You make your way around the park by swinging your arms back and forth and turning your shoulders to turn. This sometimes isn’t as responsive as it could be, but it isn’t the worst. There isn’t much to else to do in the park apart from head to the different sections where you can play imagination games with kids and play chapters of each different franchise story. There are seven chapters for each franchise, which you unlock by earning points. Points can be earned according to the time it takes you to finish the chapter, as well as how many coins you collect during the chapter.

Excluding the Cars story, you’ll find that there is a pretty diverse mix of movements required, and a friendly reminder of how to conquer each challenge comes up if needed. It may require you to jump, balance, climb, glide, and a whole lot more. Again, the controls can lack a certain level of sensitivity. Sometimes jumping needs to be done a couple times, or done very dramatically, and climbing needs to be done as precisely and clearly as possible otherwise it won’t register. And when you’re trying to beat a clock, this can get annoying. Luckily, in most cases of platform jumping the game is a little forgiving and unless you’re way off course it will let you continue on. And in the case that you do fall or fail, you just appear at the same place immediately.

In terms of car driving though, it is surprisingly responsive, particularly in the Cars levels. The jumping in these is still tetchy, which is annoying if you’re trying to jump over an obstacle and get the timing right, but you don’t really have a health meter if you do get hit, just slow down a little. This forgiving nature of the game is clearly aimed at the younger crowd, but it also helps abate any frustration felt by the older crowd at the response rate.

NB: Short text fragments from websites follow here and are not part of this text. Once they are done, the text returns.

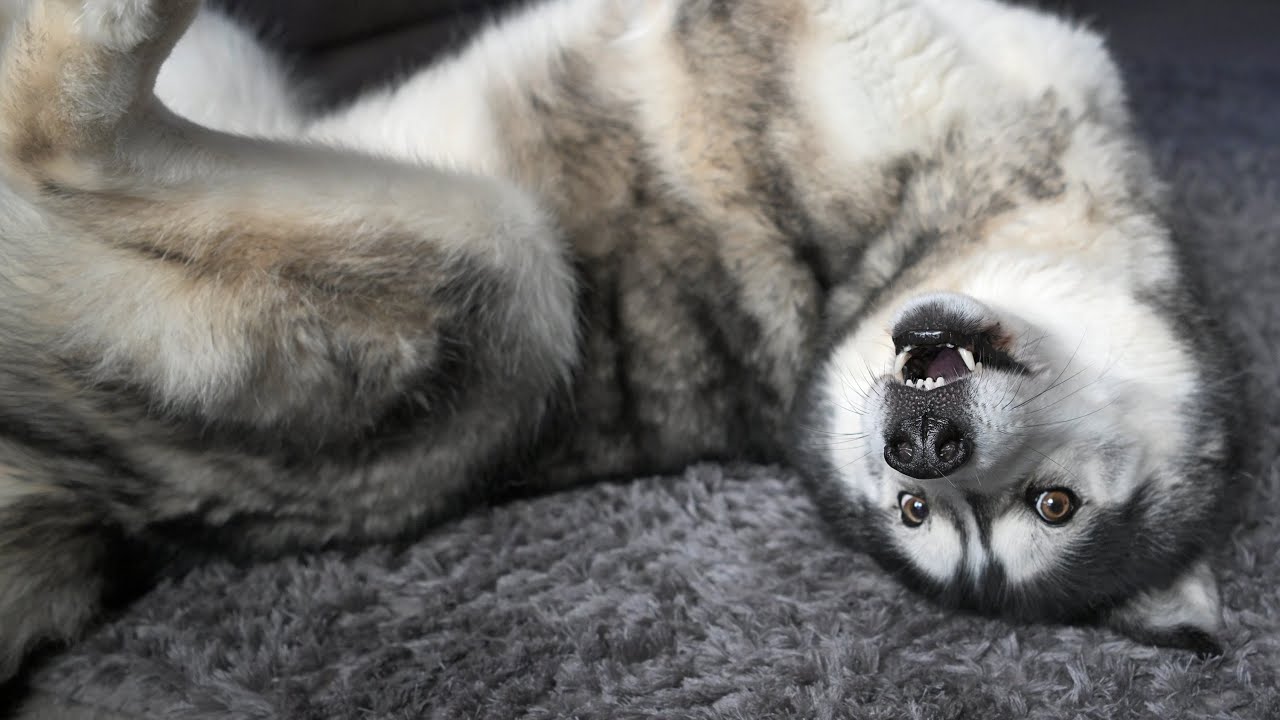 Husky Interrupts Me And Kicks My Mum!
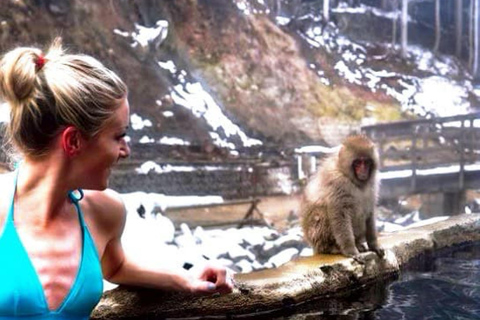 From Tokyo: Nagano Full Day Private Snow Monkey Park Tour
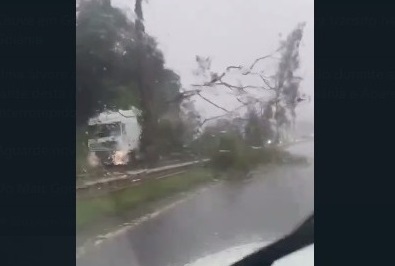 Chuva em Goiânia: Árvore cai sobre caminhão e para trânsito na BR-153, em Goiânia As duas faixas da rodovia foram interditadas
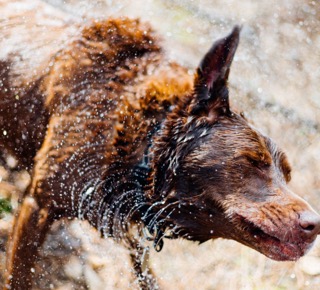 rinse your dog after periods in water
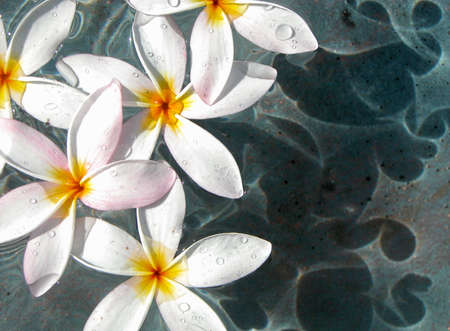 Sparkling white plumeria blooms floating in a fountain with abstract shadows on below.の写真素材
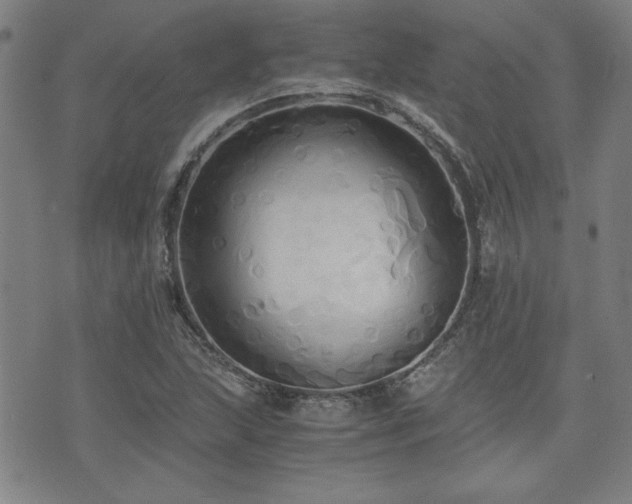 X0000075891215200609151337
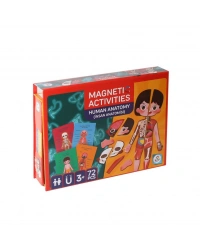 LC986ManyetikAktiviteİnsanAnatomisi-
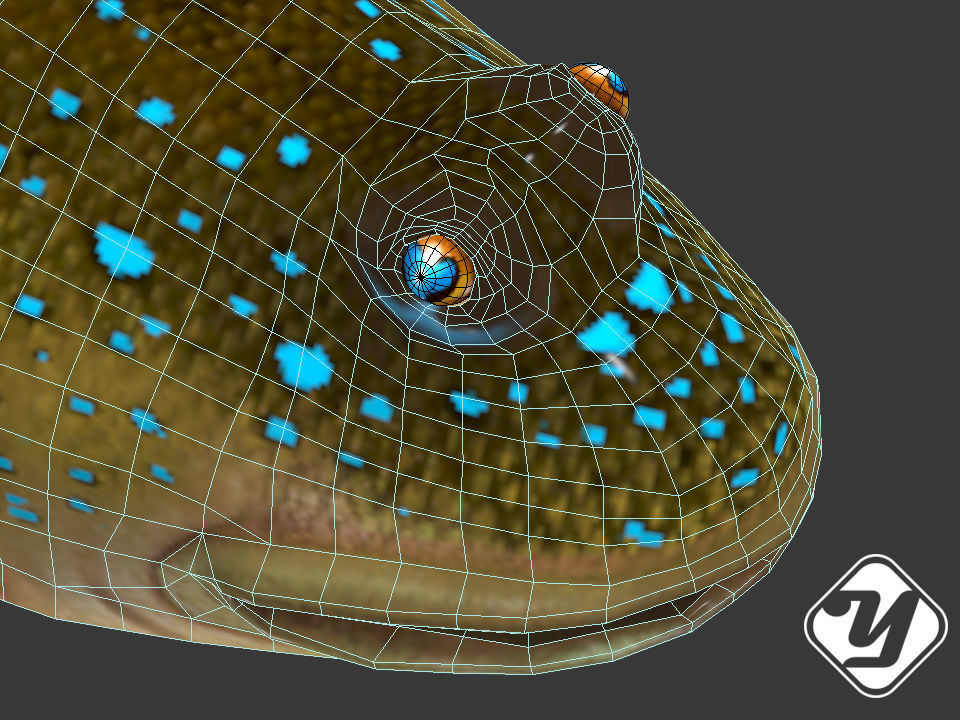 BBoleophthalmus Pectinirostris 3d Model Low-poly 3D model_6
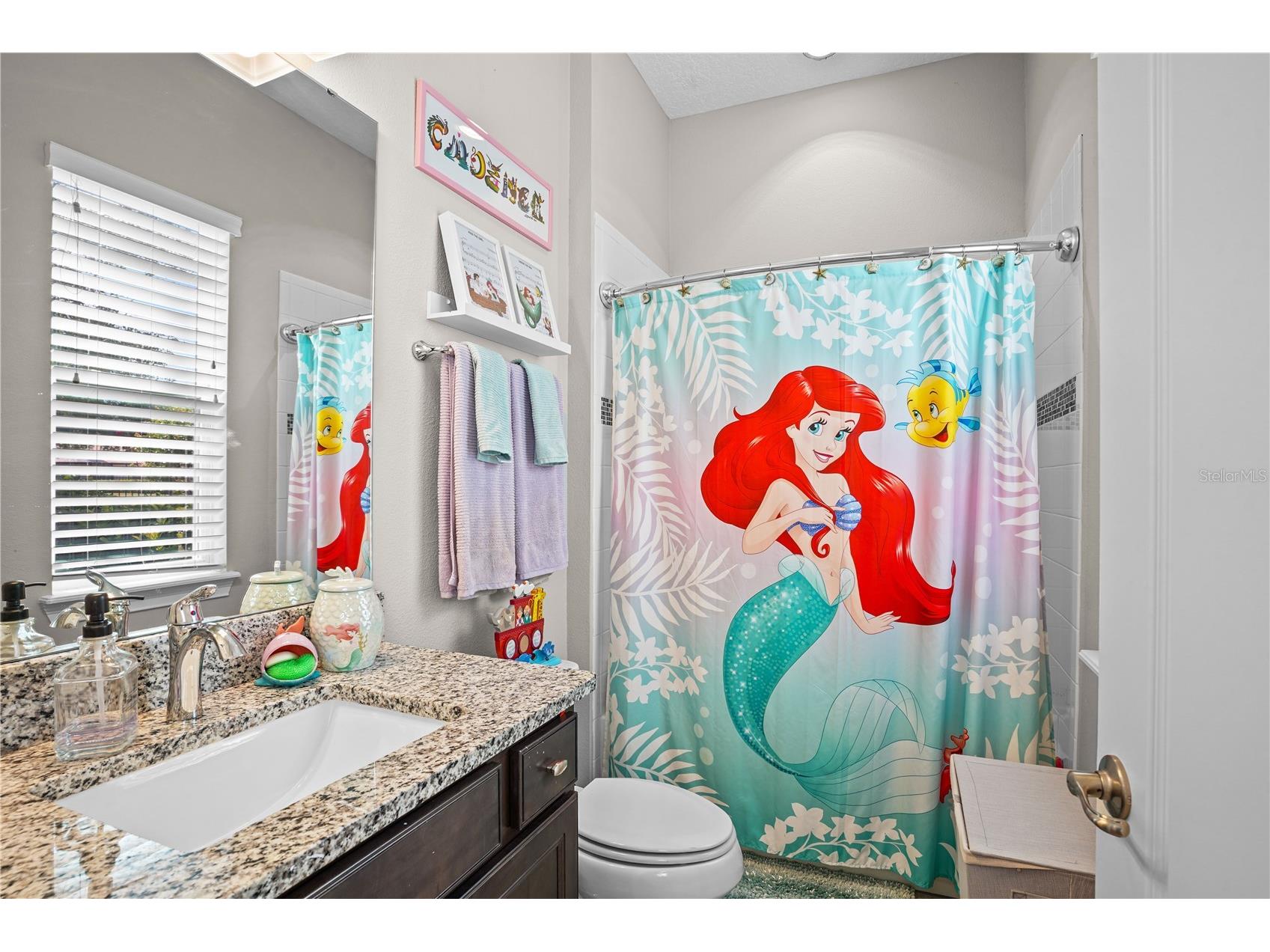 25863 Crossings Bluff Lane Sorrento FL 32776 O6403082 image37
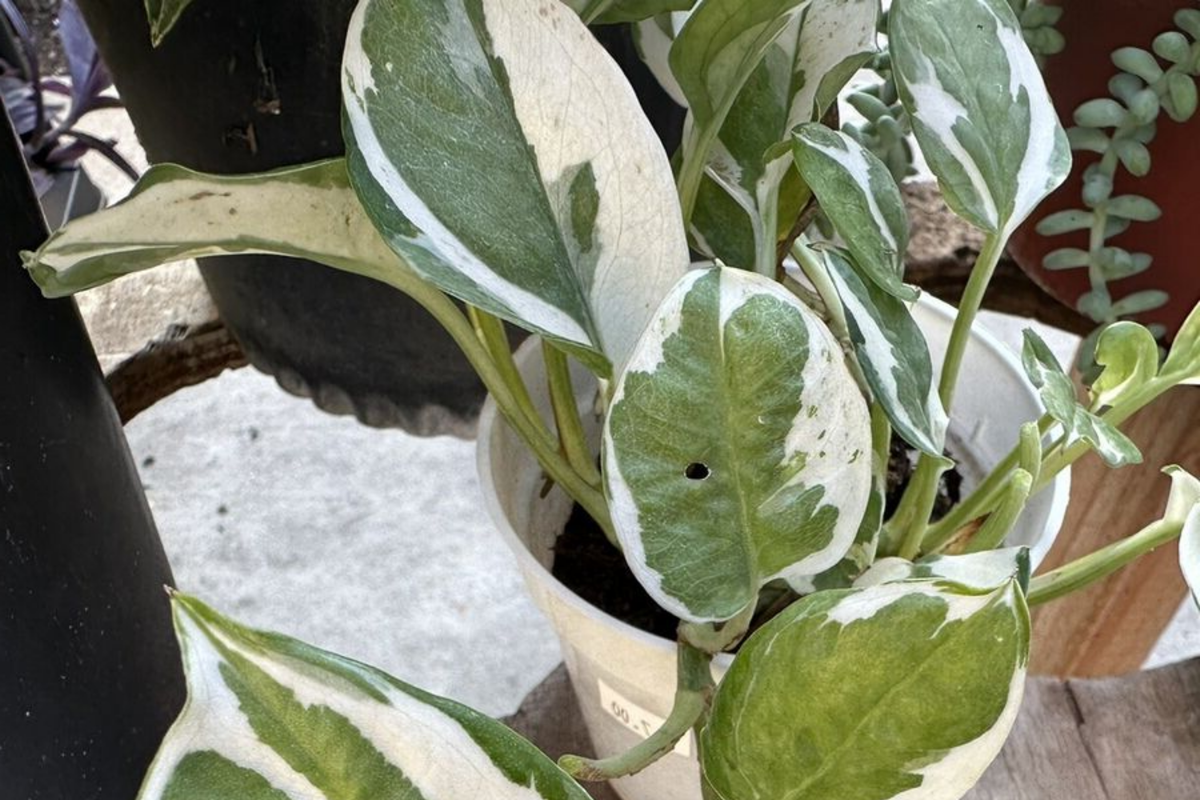 N'Joy Pothos Cuttings - 3 Unrooted Variegated Houseplant Cuttings - Epipremnum aureum - Ideal for Indoor or Outdoor Growth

There is also a guiding arrow to take you around the course, so if you ever run into trouble trying to figure out what to do next (which does happen sometimes, though not often because there usually is strong hints). This is also aimed towards the younger crowd, and is probably a good addition because patience isn’t something kids are famous for. It also helps keep the game fast, fun and removes that challenge that would honestly seem just out of place in this game. Plus, if you take too long trying to complete a challenge you are given the chance to skip it, with the only penalty being that your time clock has run unfortunately high.

At the end of each chapter you are scored with bronze, silver or gold depending on your points. Surprisingly, getting a gold is actually an effort and takes some familiarity with the controls and quick reflexes on your part.

One thing that I found didn’t work at all well, was the voice recognition. It can be used for simple commands such as retrying a chapter, or going back to the park, but it only worked once for me. The other tries just resulted in yelling in the direction of the Kinect sensor to no avail. You can still use your hands to select options, which I recommend because of the utter fail in voice recognition.


The game lovingly recreates some awesome characters and settings, as someone who has real love for the franchises; I can say that the game did quite well in this field. There are small graphical glitches every so often, but they can only be picked up by those who are really obsessive about the tiny details. And if you’ve got kids playing then you certainly don’t need to worry about it.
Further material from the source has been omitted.